▸ Web page caption snippets

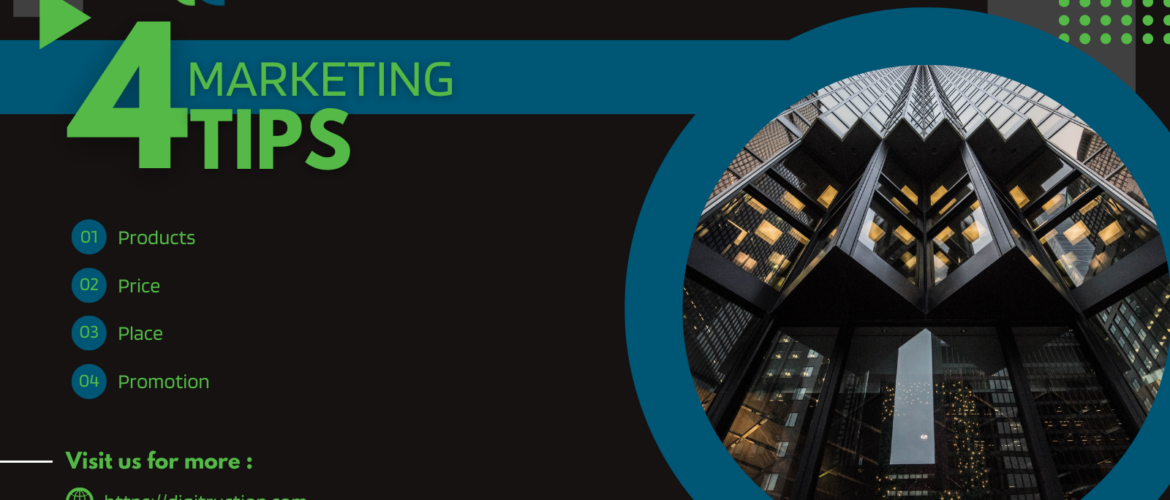 Unlocking Marketing Victory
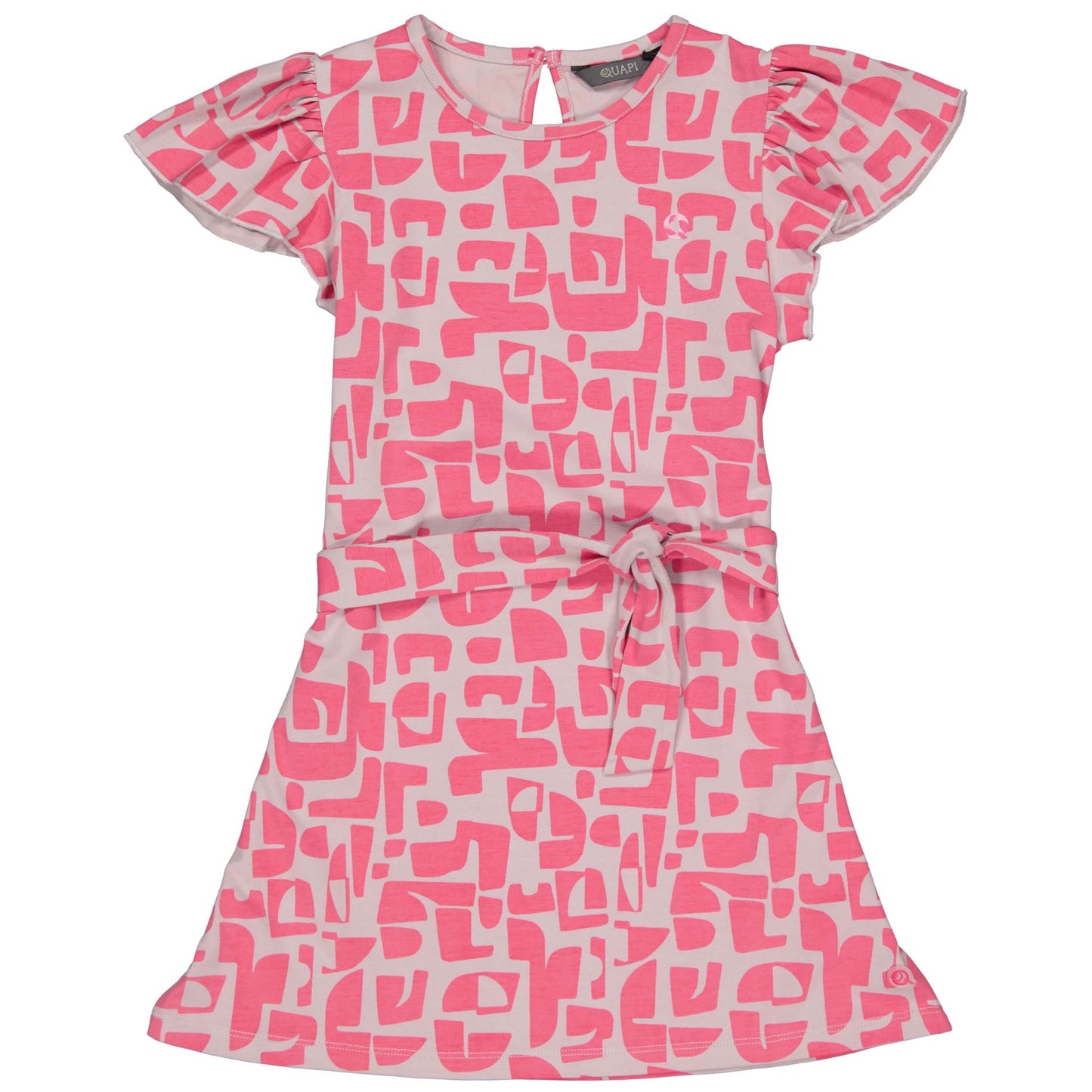 Quapi - Fara Kleid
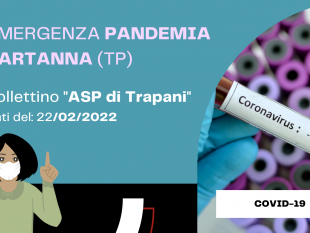 covid-19-bollettino-asp-tp-del-22-febbraio-2022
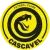 FC Cascavel PR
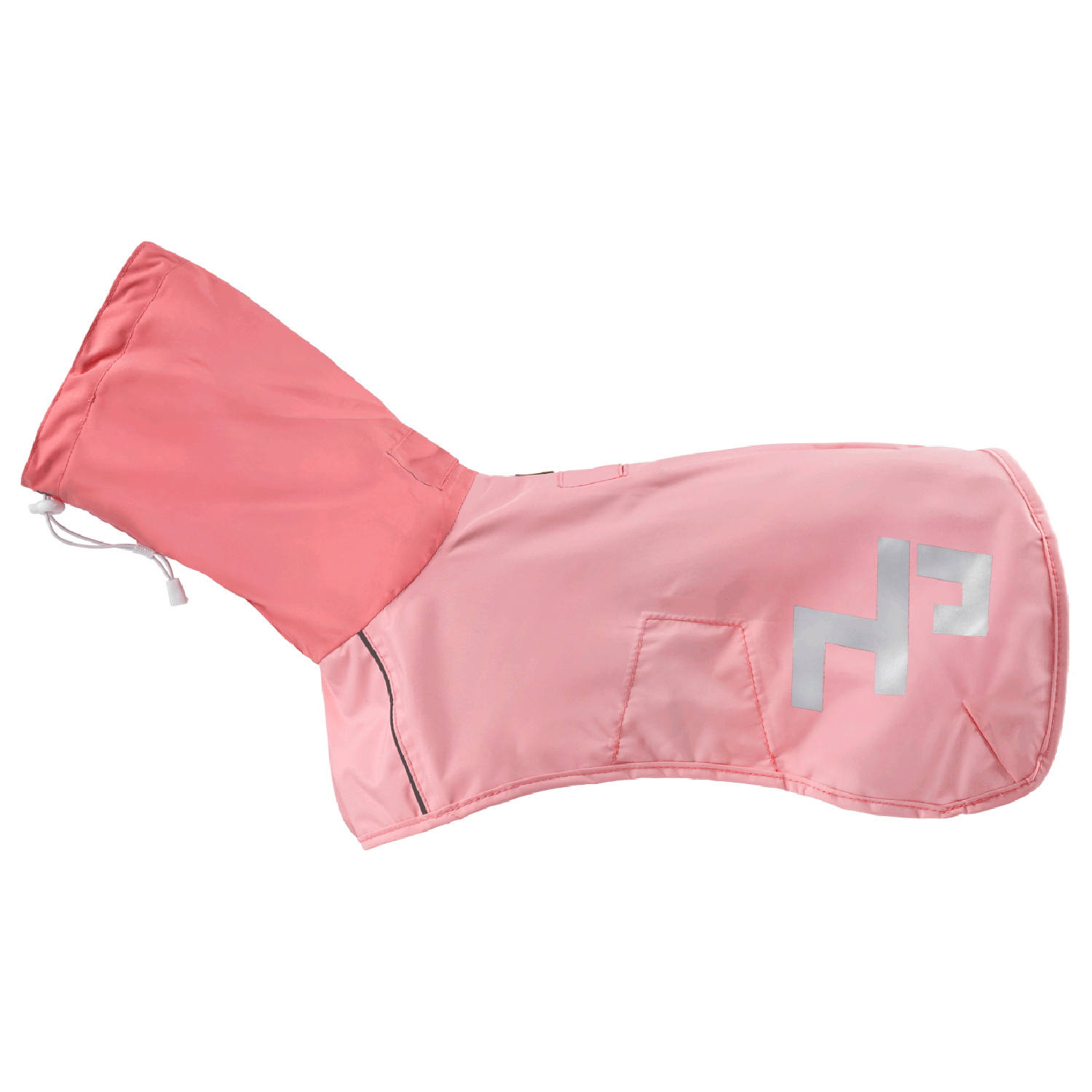 니즈더펫 강아지 인터라켄 브리즈 레인코트 53,250원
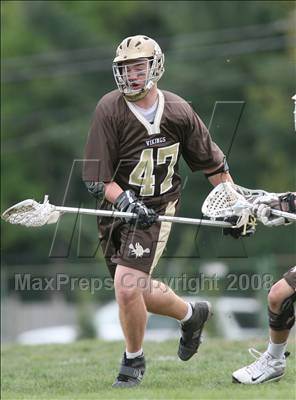 Thumbnail 3 in Clarkstown South @ Clarkstown North photogallery.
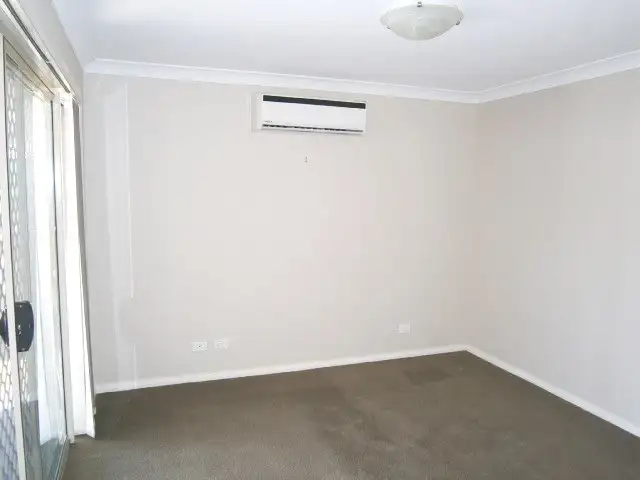 Third view of Homely other listing, 11B Bethany Place, Cootamundra NSW 2590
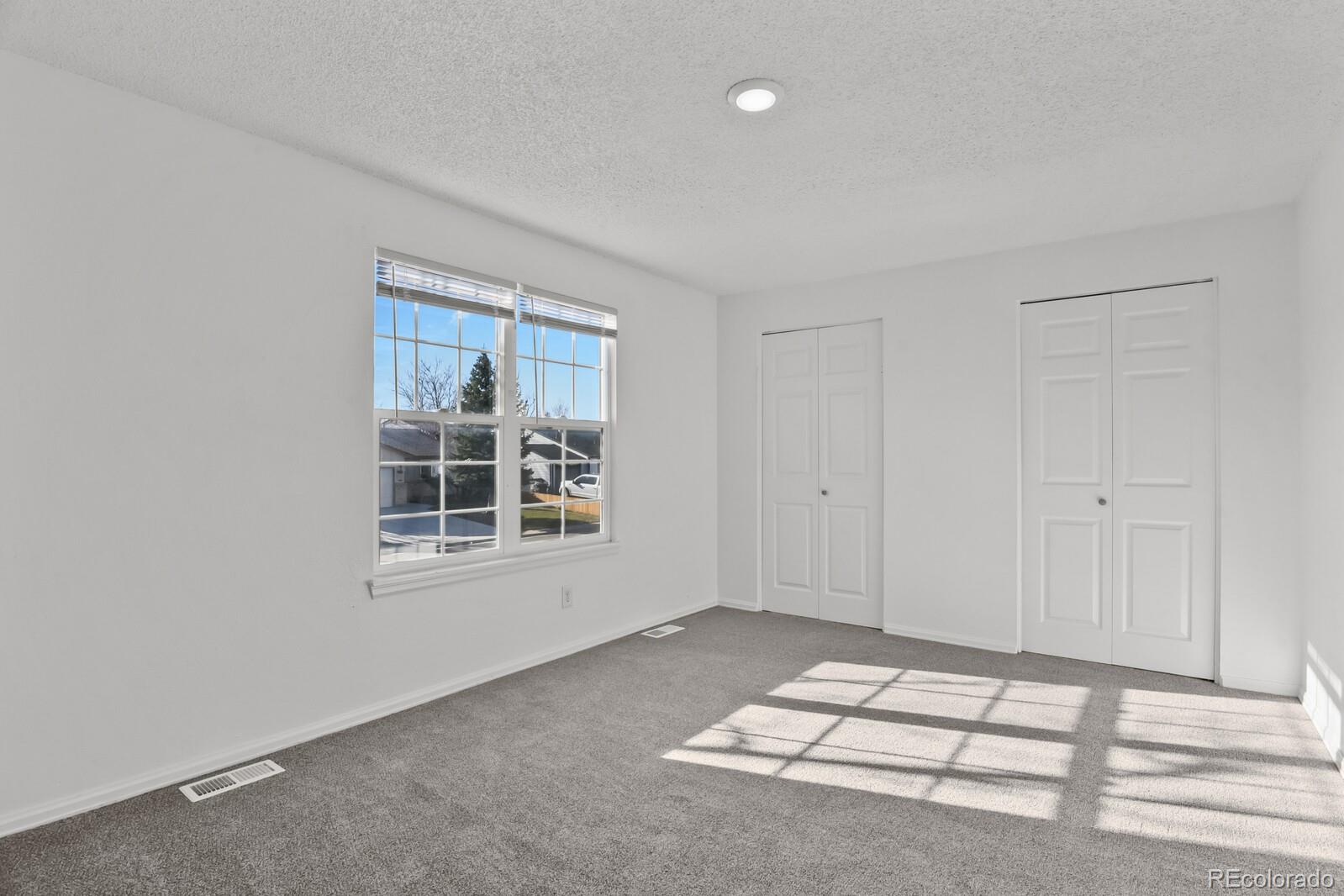 845 Madison Way Bennett, CO 80102 - Photo 11 of 24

▸ TASK TO CARRY OUT
Drop the pictures and reproduce the rest of the data above exactly.

▸ TASK RESPONSE
 Unlocking Marketing Victory
 Quapi - Fara Kleid
 covid-19-bollettino-asp-tp-del-22-febbraio-2022
 FC Cascavel PR
 니즈더펫 강아지 인터라켄 브리즈 레인코트 53,250원
 Thumbnail 3 in Clarkstown South @ Clarkstown North photogallery.
 Third view of Homely other listing, 11B Bethany Place, Cootamundra NSW 2590
 845 Madison Way Bennett, CO 80102 - Photo 11 of 24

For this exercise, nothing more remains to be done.